[Required work]
Exact copies of the lines below are the goal; any images in them are dropped.

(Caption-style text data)
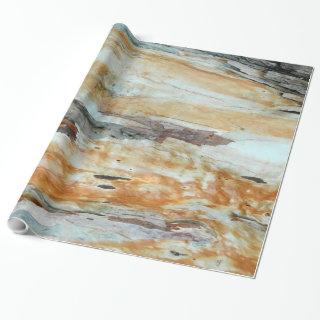Natural tree bark colorful orange and gray picture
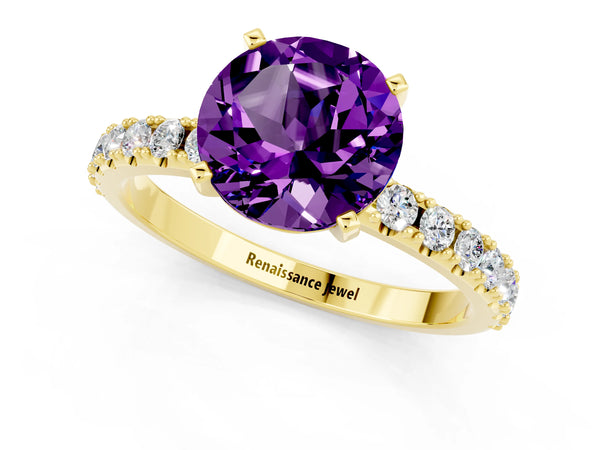 Yellow gold Round Cut Amethyst Solitaire Pavé Band with Four-Prong Setting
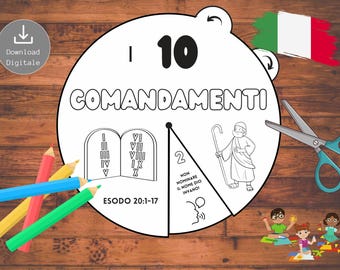 Puede incluir: Una hoja de trabajo imprimible en blanco y negro que presenta los Diez Mandamientos en italiano. La hoja de trabajo incluye un círculo con el texto "10 Comandamenti" y una imagen de los Diez Mandamientos en tablas de piedra. También hay una imagen de un hombre con un bastón y un globo de diálogo con el texto "Non nominare il nome Dio invano!"
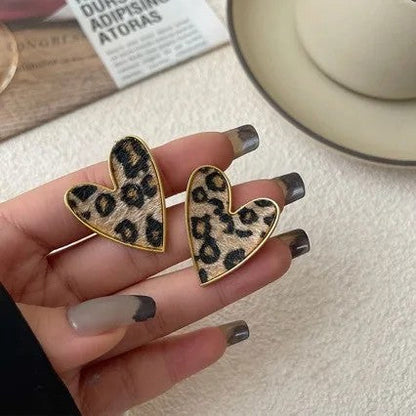 Leopard Heart Earrings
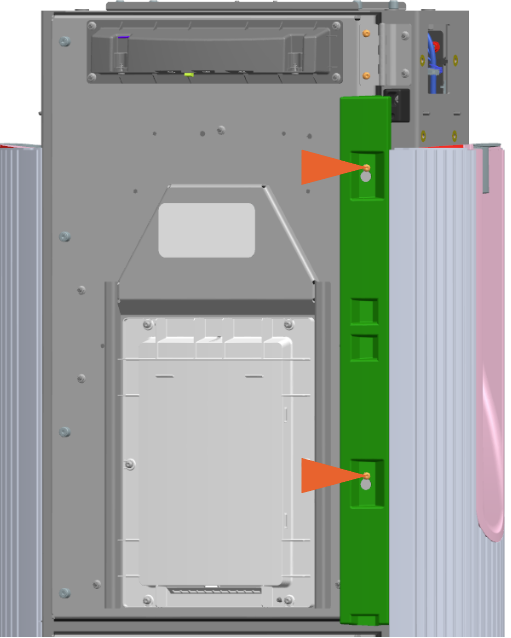 Loosen the two M5 screws using T25 security  screwdriver on the upper door brackets, and slide them up to disengage the keyholes.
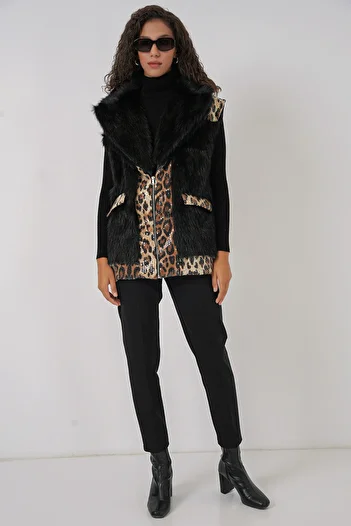 Bigdart 6806 Faux Fur Vest - Black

[Solution]
Natural tree bark colorful orange and gray picture
 Yellow gold Round Cut Amethyst Solitaire Pavé Band with Four-Prong Setting
 Puede incluir: Una hoja de trabajo imprimible en blanco y negro que presenta los Diez Mandamientos en italiano. La hoja de trabajo incluye un círculo con el texto "10 Comandamenti" y una imagen de los Diez Mandamientos en tablas de piedra. También hay una imagen de un hombre con un bastón y un globo de diálogo con el texto "Non nominare il nome Dio invano!"
 Leopard Heart Earrings
 Loosen the two M5 screws using T25 security  screwdriver on the upper door brackets, and slide them up to disengage the keyholes.
 Bigdart 6806 Faux Fur Vest - Black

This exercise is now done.